Financer directement les communautés
Pour que l’Ontario fasse des progrès tangibles, Mme Veronis se dit « de plus en plus convaincue qu’il faudrait rechercher une politique autonome d’immigration francophone ».
« Ce pourrait être une extension du modèle québécois qui s’appliquerait ailleurs au Canada. Certes, c’est une responsabilité partagée entre le fédéral et les provinces mais peut-être devrait-on trouver un rôle plus direct entre le fédéral et les communautés, d’autant que les structures existent déjà, que ce soit les réseaux et partenariats en immigration. L’initiative des communautés accueillantes démontre qu’on peut avoir du financement qui va directement aux communautés. »
Le poids des organisations de terrain pourrait aussi être accru, selon M. Dobi. « On a tout intérêt à vendre l’Ontario comme une destination pour les nouveaux arrivants francophones. Il faut mousser l’image de la province à l’étranger et les réseaux en immigration pourraient jouer ce rôle de promotion. »
Les négociations entre le gouvernement fédéral, les provinces et territoires se poursuivent ce vendredi et devraient continuer au cours des semaines à venir, alors que l’entente en immigration arrive à échéance en novembre prochain.
Le palier fédéral n’a pas, de son côté, envoyé de signaux positifs aux provinces sur leur demande d’autonomie accrue.
« À l’heure actuelle, l’Ontario reçoit l’allocation la plus élevée parmi les provinces, et ses allocations les plus récentes ont été augmentées de 17 % », souligne Aidan Strickland, porte-parole du ministre de l’Immigration, des Réfugiés et de la Citoyenneté Canada, dans un échange de courriel avec ONFR+.

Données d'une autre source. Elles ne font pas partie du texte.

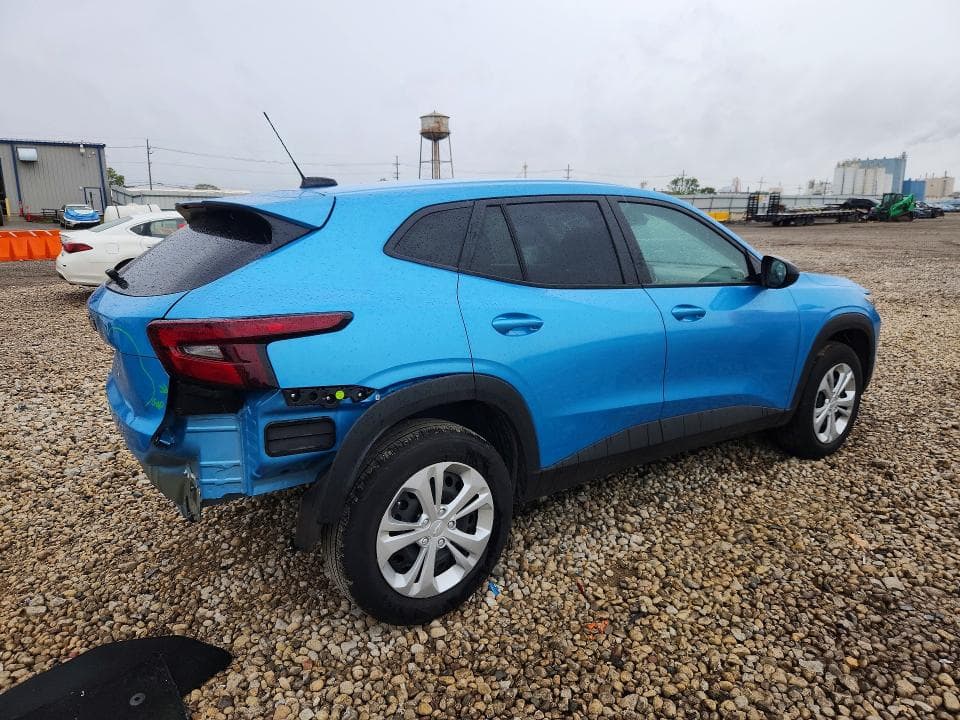 2026 CHEVROLET TRAX LS 3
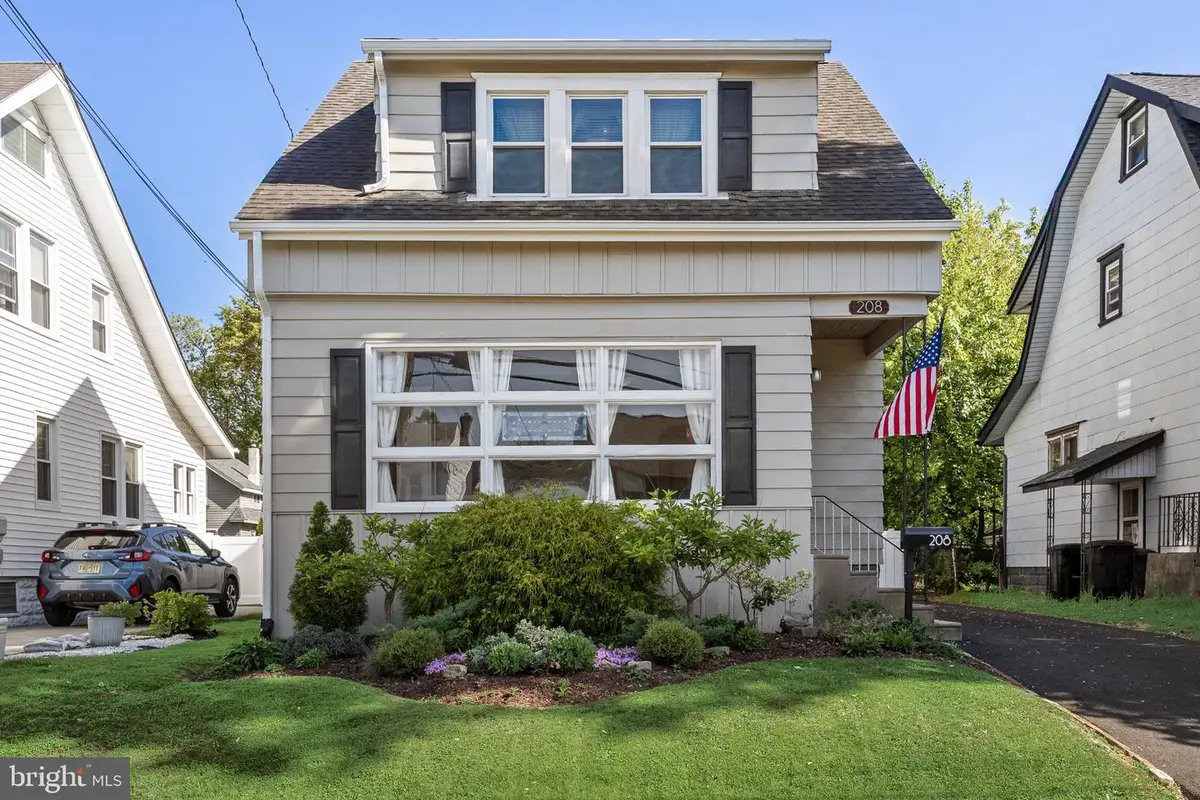 208 E Clinton Ave, Haddon, NJ 08107 - #1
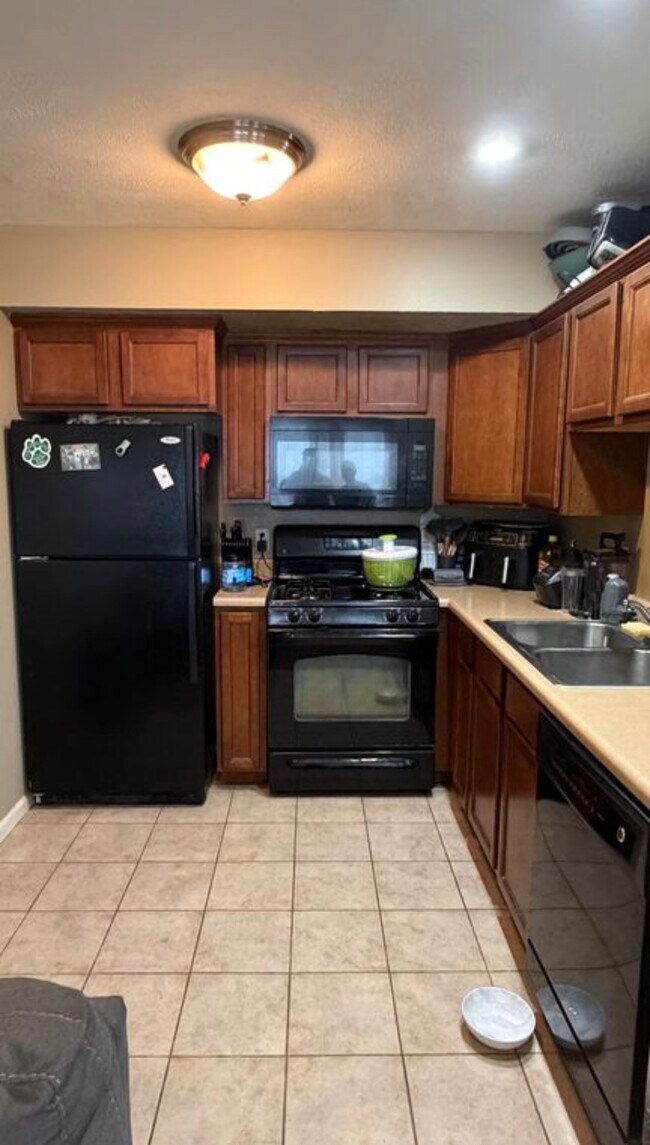 Foto del edificio - 1110 Ekstam Dr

« L’Ontario reçoit également la plus grande part d’immigrants venant au Canada dans le cadre des programmes économiques fédéraux. L’an dernier, 60 % des admissions de résidents permanents en Ontario appartenaient aux catégories économiques et l’Ontario continue également d’être la première destination de choix pour les étudiants internationaux et les réfugiés qualifiés.